Lawmakers Approve Washington State Package Raising Billions for Transportation

AASHTO Journal, 03 July 2015

​ The Washington State Legislature approved a 16-year multi-modal transportation revenue package that was expected to raise more than $15 billion from higher motor fuel excise taxes and a number of vehicle fees, with the funds to be spent on highways, local roads, ferries and transit projects, plus pedestrian and bicycle paths.

The plan, which was still subject at press time to House passage of related legislation, also allows the Puget Sound area’s major public transportation system – Sound Transit – to put a $15 billion expansion plan on a November 2016 ballot to see if voters in its three-county transit district would approve higher property taxes.

The package raises motor fuel user fees by 7 cents a gallon Aug. 1, and another 4.9 cents on July 1, 2016. Some reports said the various revenue provisions would raise about $1 billion a year in new revenue  for transportation projects, or $16 billion.

The transportation package reportedly was stalled until Gov. Jay Inslee agreed to accept a provision he had vowed to oppose that would block spending new multimodal funds on transit or paths and put it instead into roads if the state instituted low-carbon fuel standards through 2023.

Inslee issued a June 28 statement on the compromise plan, saying “the state needs a transportation package and lawmakers have negotiated a bipartisan proposal that is nearly ready to be voted on.”

“The current bill has a poison pill that pits clean air against transit. I oppose that and have worked hard to find a better alternative,” Inslee added. “But legislators tell me it is essential to passing the $15 billion multi-modal transportation package and authorizing an additional $15 billion for Sound Transit light rail expansion.

“I will sign the bill even with this provision because of the jobs, safety improvements and traffic relief that the investments would provide.”

The Senate passed the package June 29, and the House acted the next day, though the AP reported July 1 the House still needed to pass a related bonding and spending measures to let the package take effect.

Inslee said July 1 that “legislators are also close to finishing the final bills needed for a capital budget and a 16-year transportation investment package that will support hundreds of thousands of jobs and provide important infrastructure improvements for communities all across Washington, boosting our growing economy.

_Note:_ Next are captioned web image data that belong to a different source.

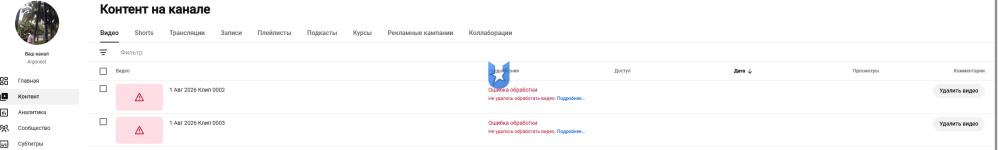 1785587450803.png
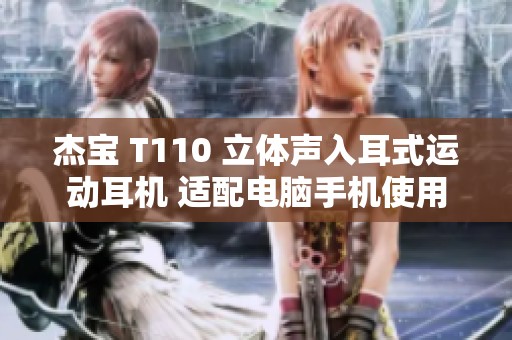 杰宝 T110 立体声入耳式运动耳机 适配电脑手机使用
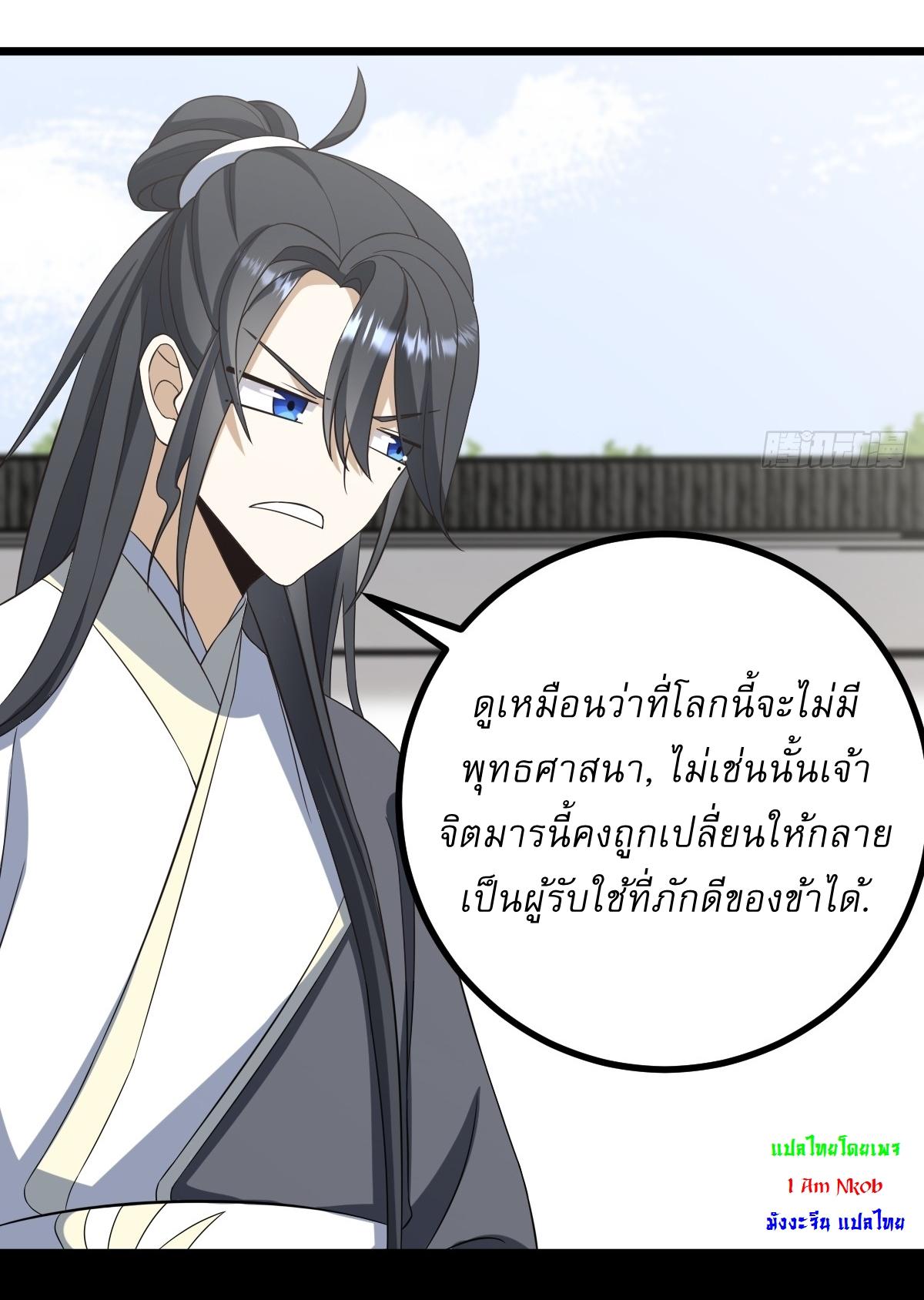 Invincible After a Hundred Years of Seclusion ตอนที่ 75 แปลไทย รูปที่ 10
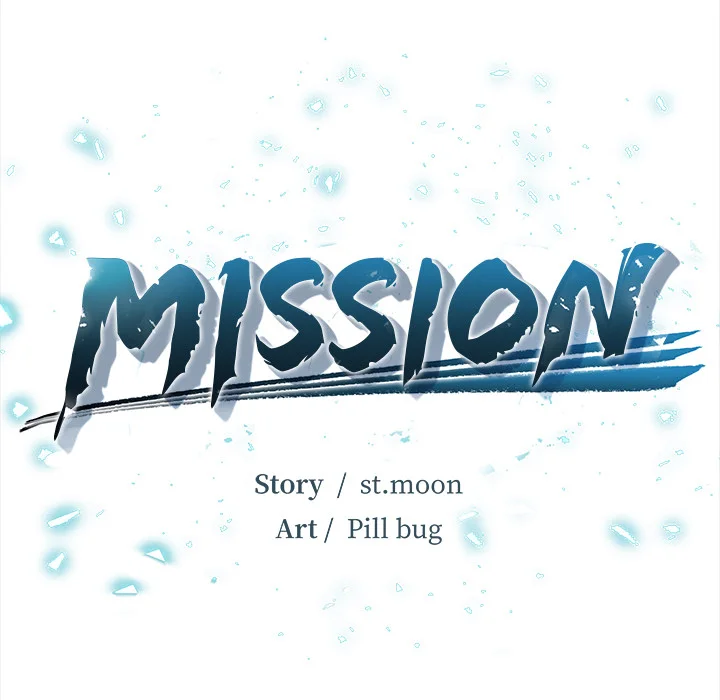 Mission Chapter 17 - Page 14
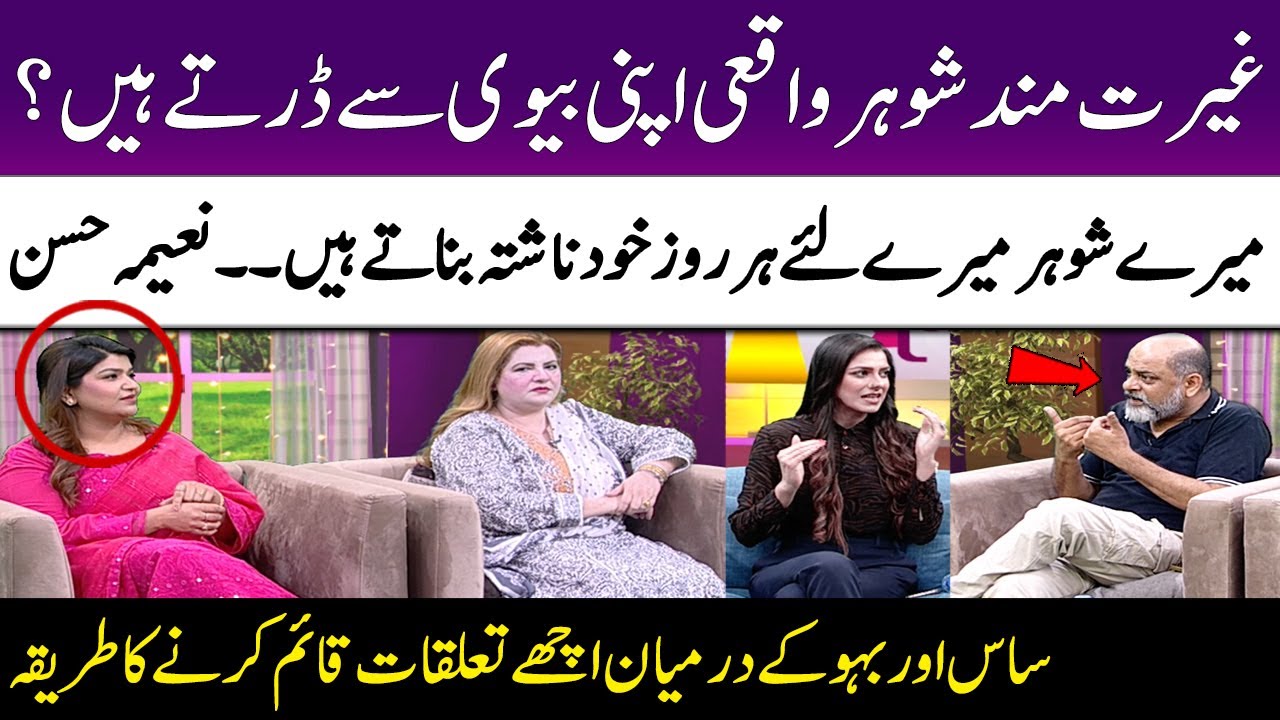 kia Shohar Apni Biwi Say Darte Hain? | Saas Bahu Ka Rishta | Meri Saheli | SAMAA TV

I urge legislators to wrap these up as soon as possible so we can start putting out the construction cones and getting people to work.”

The AP said the plan will spend $8.8 billion on state and local road projects, and $1.4 billion on maintenance and preservation, with $1 billion on non-highway projects like bike paths, pedestrian walkways and transit.

The Seattle Times detailed some of the major highway projects the package will fund.

They include a $1.9 billion Puget Sound Gateway Project to build a 6-mile extension of Highway 167 from Puyallup to the Port of Tacoma, and to extend Highway 509 from SeaTac to Interstate 5.

Finishing the Highway 520 replacement, from Lake Washington to Interstate 5, is included at $1.6 billion. Another $1.2 billion will go to widen the I-405 corridor from Renton to Bellevue. And $879 million is directed to the North Spokane Corridor, the Times said, “to finish a half-built freeway so that it reaches to I-90.”